Data below Block Start
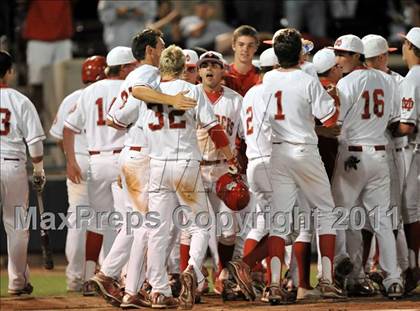 Thumbnail 1 in Dana Hills vs. Mater Dei (CIF-SS D1 Final) photogallery.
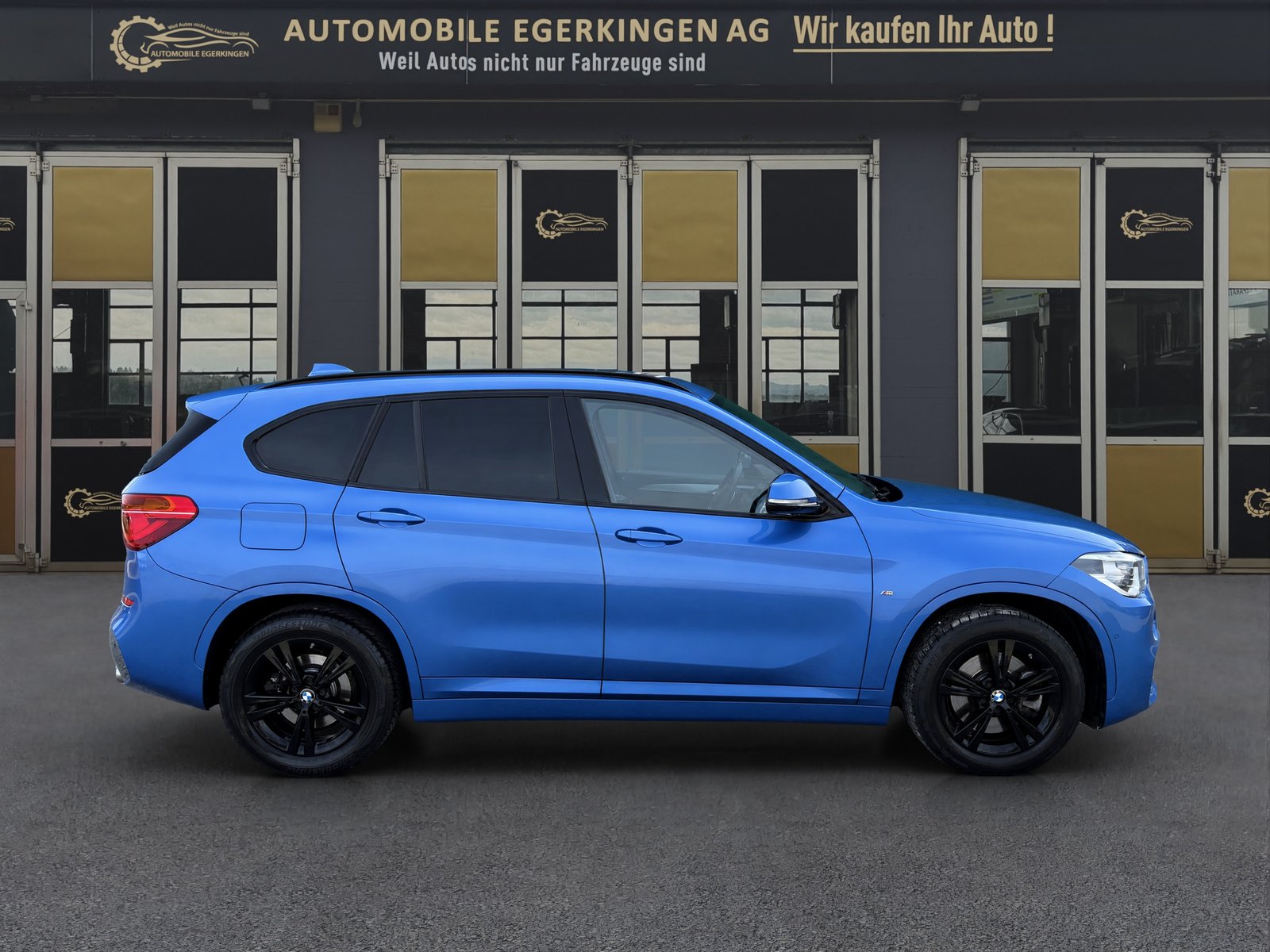 BMW X1 20d M Sport Steptronic, Diesel, Occasioni / Usate, Automatico - 4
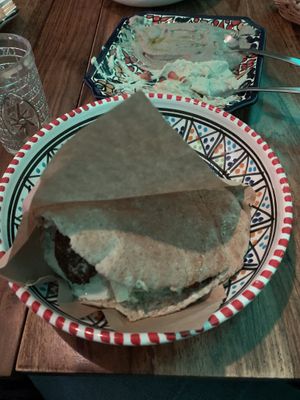 Falafel with sundried tomatoes!   at Falafel Masters in Eindhoven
Data below Block End
> [Work item]
Give back word for word the lines from the one containing "BMW X1 20d M" through the final line of the data above. Pictures are to be left out.

> [Exercise result]
 BMW X1 20d M Sport Steptronic, Diesel, Occasioni / Usate, Automatico - 4
 Falafel with sundried tomatoes!   at Falafel Masters in Eindhoven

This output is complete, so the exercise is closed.